Europe’s new stablecoin
An Italian, a Finn, and a Dutchman walk into a bar.
No, it’s not the start of a joke (that we know of?), but rather what just happened this week after that trio and 34 other European banks joined forces to build a euro stablecoin.
By way of refresh, stablecoins are a type of cryptocurrency that remain pegged to an asset, usually a fiat currency like the USD or euro. So rather than (say) making you extremely rich or poor like Bitcoin might do depending on your timing, stablecoins promise… stability! Got one USD stablecoin? It’ll be worth $1 today, tomorrow, Toyota.
Then… what’s the point?
They’re so hot right now since the US passed a law to normalise stablecoins as a method of payment, given they’re low-cost, ~instant, and 24/7. That’s why the original Tether stablecoin (USDT, from 2014) often records the biggest daily trading volume of any crypto.
There are two broad types of stablecoin:
Algorithmic stablecoins maintain their peg via an algorithm that creates or destroys tokens as needed, whereas…
Fully reserved stablecoins are backed by actual reserves so users can redeem tokens for underlying assets.
Unsurprisingly, that second method is the most popular and trusted, including for the reason we’re briefing you on all this: the proposed new euro-stablecoin, Qivalis, would be backed by 37 commercial banks across Europe, fully reserved with euros.
Why?
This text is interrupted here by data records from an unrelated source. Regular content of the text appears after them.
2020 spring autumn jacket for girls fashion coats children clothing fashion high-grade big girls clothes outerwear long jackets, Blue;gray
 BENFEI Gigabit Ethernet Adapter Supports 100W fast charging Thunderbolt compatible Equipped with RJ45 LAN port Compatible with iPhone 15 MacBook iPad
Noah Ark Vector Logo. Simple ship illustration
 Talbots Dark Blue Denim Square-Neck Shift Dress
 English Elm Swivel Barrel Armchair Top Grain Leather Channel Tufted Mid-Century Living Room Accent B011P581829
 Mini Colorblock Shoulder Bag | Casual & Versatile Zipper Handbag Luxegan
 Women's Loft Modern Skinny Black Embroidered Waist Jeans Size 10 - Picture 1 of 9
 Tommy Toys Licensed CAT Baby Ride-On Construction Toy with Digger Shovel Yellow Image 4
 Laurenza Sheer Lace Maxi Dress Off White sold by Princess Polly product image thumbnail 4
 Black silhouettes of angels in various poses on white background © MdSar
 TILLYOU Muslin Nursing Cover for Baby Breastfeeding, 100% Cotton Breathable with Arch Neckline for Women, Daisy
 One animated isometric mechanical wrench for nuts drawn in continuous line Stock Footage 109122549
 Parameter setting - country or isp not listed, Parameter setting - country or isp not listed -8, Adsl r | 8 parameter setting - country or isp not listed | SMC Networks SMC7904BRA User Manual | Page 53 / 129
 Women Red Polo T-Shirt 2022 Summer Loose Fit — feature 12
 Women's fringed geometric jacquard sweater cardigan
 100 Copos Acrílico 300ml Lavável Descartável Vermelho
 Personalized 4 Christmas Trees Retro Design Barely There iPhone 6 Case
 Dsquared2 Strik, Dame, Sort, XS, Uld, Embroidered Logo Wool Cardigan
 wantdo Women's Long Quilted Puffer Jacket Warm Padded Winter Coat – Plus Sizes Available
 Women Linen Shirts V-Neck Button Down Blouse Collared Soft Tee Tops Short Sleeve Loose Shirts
Check out these numbers…
The global stablecoin market is already worth ~$318B (and growing),
99% of that market is pegged to the US dollar
Two US-born firms run 80%: Tether (now in El Salvador) and Circle Internet, and
US firms even run two-thirds of the much-smaller euro-stablecoin market!
So Qivalis wants to fill that euro-shaped gap in the market with a local solution, offering two big if obvious benefits for Europe:
First, it helps boost the euro as a method for digital payment, and
Second, it decreases the continent’s reliance on the US.
Or to put it another way, as the tokenised economy grows, more countries will want their own rails to get a slice.
But the banks themselves will get benefits too: i) they’ll earn sweet fees from cross-border payments, ii) their corporate and institutional clients will get early access; and iii) they’ll all get early access to whatever on-chain infrastructure follows.
So… why isn’t everyone doing this already? Fans might put hands on hips and give a sassy “exactly”, but ECB chief Christine Lagarde herself has just flagged the risks in her recent address at the LatAm Economic Forum in Spain:
First, there’s financial stability: this whole ecosystem tends not to be as regulated as banks, meaning their reserve structures aren’t always as strong. And that means a run on a stablecoin could get messy, with potential knock-on effects for the “real” economy.
And second, there’s monetary policy transmission: the large-scale adoption of stablecoins could make it harder for the ECB to steward the eurozone via interest rate decisions (though fans would list this decentralisation as a plus).
So sure, Lagarde’s warnings are valid. But right now — in this world of ours — the riskiest move is sometimes standing still.